[Directions for this task] Copy whichever lines of the data hold the word "Women".

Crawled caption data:
------------------------
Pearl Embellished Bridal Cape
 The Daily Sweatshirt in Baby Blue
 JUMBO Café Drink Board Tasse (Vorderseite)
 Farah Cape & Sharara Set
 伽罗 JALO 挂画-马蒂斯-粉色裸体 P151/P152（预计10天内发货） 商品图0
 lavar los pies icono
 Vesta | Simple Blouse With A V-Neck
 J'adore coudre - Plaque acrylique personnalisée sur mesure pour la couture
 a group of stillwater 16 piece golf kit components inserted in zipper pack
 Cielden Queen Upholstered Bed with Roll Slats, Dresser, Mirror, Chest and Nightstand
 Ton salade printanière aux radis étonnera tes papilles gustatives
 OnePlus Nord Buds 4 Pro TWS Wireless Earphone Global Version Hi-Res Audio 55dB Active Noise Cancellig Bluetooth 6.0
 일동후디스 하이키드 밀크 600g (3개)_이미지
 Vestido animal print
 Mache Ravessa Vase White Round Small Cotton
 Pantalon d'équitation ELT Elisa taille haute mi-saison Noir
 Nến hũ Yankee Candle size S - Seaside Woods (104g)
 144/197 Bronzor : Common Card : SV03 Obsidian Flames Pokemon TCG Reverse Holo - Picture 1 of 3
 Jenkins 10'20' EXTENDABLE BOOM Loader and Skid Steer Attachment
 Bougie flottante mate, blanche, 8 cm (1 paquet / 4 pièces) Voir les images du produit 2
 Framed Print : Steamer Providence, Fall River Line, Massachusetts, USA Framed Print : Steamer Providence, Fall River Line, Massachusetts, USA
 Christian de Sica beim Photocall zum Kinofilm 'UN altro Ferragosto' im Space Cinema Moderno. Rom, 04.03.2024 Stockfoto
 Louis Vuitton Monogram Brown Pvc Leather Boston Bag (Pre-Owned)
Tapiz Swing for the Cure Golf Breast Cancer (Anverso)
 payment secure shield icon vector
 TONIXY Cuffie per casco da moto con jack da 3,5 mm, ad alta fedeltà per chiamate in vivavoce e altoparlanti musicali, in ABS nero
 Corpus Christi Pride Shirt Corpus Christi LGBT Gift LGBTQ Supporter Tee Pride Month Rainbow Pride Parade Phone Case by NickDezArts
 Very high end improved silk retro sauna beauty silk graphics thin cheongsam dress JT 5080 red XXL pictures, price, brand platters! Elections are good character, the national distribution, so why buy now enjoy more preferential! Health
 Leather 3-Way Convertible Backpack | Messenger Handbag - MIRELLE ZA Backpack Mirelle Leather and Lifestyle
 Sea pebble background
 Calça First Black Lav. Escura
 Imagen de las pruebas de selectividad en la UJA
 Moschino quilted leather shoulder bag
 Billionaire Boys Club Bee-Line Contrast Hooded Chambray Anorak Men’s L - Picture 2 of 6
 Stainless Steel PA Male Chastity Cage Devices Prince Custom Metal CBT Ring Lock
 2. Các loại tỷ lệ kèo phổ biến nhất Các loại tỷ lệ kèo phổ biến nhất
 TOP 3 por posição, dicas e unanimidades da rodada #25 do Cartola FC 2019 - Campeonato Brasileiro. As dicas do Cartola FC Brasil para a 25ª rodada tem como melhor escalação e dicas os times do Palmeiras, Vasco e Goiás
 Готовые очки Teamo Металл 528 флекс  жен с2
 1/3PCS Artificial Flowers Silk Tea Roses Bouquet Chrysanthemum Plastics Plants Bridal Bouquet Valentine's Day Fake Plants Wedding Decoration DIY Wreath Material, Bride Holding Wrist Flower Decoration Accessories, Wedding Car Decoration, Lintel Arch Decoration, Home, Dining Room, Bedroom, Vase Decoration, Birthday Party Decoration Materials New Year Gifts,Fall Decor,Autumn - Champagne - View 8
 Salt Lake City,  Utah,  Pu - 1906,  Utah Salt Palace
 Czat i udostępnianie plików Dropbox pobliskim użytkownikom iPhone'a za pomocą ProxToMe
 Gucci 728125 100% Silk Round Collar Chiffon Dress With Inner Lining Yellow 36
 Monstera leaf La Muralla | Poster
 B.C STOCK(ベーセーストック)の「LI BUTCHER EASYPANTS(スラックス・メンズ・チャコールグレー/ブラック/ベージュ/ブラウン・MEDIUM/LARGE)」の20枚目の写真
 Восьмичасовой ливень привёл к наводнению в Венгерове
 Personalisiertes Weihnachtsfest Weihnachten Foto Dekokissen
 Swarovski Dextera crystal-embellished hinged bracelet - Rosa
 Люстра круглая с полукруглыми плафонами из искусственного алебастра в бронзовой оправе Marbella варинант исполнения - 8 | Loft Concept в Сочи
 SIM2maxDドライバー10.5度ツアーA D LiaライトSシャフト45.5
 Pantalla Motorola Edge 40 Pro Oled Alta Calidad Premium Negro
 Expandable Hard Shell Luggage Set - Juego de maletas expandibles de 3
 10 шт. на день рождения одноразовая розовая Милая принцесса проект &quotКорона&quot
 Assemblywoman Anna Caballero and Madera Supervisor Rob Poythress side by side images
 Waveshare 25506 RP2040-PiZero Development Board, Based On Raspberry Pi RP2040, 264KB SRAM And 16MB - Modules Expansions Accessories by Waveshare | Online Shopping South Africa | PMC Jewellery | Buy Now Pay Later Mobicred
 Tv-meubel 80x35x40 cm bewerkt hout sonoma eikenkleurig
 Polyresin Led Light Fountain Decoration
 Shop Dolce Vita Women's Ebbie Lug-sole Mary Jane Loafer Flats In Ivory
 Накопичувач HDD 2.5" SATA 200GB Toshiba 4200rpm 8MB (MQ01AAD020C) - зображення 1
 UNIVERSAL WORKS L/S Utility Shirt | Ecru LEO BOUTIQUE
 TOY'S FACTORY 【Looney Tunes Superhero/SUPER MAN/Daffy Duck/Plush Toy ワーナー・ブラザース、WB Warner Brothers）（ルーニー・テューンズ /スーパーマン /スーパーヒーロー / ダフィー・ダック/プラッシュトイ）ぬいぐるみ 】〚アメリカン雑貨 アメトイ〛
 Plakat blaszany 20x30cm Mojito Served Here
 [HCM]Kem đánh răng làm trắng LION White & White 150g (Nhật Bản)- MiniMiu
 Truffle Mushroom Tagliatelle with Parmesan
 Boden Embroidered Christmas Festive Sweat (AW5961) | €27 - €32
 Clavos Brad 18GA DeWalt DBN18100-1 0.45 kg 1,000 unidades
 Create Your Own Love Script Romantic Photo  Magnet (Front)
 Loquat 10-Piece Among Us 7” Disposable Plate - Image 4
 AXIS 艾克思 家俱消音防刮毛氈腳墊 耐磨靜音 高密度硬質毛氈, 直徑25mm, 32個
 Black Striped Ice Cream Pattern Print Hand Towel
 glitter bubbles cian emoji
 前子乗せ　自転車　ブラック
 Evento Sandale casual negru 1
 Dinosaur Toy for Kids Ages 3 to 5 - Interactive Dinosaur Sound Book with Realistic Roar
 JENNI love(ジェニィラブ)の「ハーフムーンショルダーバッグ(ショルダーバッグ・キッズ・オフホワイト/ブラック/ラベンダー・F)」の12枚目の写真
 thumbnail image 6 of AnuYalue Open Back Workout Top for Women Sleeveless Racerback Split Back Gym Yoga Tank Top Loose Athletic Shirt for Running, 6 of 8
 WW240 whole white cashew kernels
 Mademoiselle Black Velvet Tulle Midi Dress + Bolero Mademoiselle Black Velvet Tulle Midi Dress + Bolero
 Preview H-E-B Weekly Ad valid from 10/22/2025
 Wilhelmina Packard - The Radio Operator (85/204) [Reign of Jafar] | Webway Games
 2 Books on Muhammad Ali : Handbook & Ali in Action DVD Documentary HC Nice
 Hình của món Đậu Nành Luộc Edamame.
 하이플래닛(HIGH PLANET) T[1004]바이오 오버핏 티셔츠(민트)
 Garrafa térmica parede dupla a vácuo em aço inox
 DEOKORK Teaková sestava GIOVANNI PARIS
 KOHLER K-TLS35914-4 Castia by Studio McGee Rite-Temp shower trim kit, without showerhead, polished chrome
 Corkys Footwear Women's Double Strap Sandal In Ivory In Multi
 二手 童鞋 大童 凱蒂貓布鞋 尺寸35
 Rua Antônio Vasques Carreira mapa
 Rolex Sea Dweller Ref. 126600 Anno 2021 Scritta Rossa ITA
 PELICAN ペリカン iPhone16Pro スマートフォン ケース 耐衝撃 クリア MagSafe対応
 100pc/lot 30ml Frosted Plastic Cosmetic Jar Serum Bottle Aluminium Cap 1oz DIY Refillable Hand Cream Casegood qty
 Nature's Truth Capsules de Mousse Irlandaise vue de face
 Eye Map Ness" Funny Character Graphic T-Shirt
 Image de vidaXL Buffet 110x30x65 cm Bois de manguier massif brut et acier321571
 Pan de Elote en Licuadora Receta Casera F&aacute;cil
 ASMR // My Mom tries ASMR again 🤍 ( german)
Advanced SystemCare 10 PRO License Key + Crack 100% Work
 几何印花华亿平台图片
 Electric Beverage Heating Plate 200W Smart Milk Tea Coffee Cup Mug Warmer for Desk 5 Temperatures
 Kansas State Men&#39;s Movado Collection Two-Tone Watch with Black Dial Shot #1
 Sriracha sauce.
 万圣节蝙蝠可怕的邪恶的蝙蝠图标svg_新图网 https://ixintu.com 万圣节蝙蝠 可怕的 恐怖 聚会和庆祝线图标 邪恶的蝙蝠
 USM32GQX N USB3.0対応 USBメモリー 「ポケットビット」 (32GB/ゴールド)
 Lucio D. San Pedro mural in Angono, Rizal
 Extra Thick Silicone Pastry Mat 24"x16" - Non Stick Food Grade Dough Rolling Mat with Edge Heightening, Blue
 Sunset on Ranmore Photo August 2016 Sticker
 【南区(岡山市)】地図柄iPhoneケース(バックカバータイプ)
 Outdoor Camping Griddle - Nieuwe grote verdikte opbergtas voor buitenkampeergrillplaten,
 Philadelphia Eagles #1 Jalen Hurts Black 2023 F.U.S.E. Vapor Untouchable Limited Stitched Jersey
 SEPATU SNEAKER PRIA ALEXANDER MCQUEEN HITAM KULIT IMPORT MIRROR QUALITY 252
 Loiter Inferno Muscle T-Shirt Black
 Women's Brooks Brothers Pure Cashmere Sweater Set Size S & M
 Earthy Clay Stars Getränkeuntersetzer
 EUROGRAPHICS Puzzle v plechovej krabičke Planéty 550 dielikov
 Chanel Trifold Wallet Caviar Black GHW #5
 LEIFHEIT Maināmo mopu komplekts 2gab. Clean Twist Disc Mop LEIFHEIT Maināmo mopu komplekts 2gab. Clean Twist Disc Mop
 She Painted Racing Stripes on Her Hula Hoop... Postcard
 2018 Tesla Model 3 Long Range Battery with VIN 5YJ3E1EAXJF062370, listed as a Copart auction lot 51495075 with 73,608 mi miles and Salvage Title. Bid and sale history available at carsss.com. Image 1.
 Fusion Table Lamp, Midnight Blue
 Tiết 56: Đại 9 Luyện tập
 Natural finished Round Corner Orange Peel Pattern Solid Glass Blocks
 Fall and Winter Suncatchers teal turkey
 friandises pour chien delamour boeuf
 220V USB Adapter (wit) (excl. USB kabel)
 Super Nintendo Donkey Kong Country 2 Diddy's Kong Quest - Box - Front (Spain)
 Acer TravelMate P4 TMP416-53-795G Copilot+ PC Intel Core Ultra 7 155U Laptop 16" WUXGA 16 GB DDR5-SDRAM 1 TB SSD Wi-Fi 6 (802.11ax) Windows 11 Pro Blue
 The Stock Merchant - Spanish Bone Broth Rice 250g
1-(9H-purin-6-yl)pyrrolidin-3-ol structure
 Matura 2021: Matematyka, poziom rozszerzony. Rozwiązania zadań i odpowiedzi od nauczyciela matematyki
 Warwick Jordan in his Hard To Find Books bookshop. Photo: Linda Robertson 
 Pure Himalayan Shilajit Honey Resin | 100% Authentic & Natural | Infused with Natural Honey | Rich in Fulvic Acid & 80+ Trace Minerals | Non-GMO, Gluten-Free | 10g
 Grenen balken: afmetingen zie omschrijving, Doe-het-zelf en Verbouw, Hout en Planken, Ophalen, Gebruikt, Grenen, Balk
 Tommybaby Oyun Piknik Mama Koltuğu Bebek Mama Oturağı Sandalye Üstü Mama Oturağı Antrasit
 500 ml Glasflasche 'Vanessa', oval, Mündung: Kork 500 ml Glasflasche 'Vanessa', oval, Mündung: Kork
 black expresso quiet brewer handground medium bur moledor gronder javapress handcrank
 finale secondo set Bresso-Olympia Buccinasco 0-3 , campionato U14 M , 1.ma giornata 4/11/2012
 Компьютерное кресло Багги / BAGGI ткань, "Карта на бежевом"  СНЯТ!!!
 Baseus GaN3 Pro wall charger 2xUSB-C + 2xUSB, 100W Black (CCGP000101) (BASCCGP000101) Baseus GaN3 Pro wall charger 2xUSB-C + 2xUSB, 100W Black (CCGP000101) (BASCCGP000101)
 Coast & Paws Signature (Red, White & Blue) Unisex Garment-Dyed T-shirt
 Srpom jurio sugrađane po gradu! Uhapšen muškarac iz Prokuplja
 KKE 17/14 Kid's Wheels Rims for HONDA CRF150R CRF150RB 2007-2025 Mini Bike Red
------------------------
[Exercise solution]
 Shop Dolce Vita Women's Ebbie Lug-sole Mary Jane Loafer Flats In Ivory
 thumbnail image 6 of AnuYalue Open Back Workout Top for Women Sleeveless Racerback Split Back Gym Yoga Tank Top Loose Athletic Shirt for Running, 6 of 8
 Corkys Footwear Women's Double Strap Sandal In Ivory In Multi
 Women's Brooks Brothers Pure Cashmere Sweater Set Size S & M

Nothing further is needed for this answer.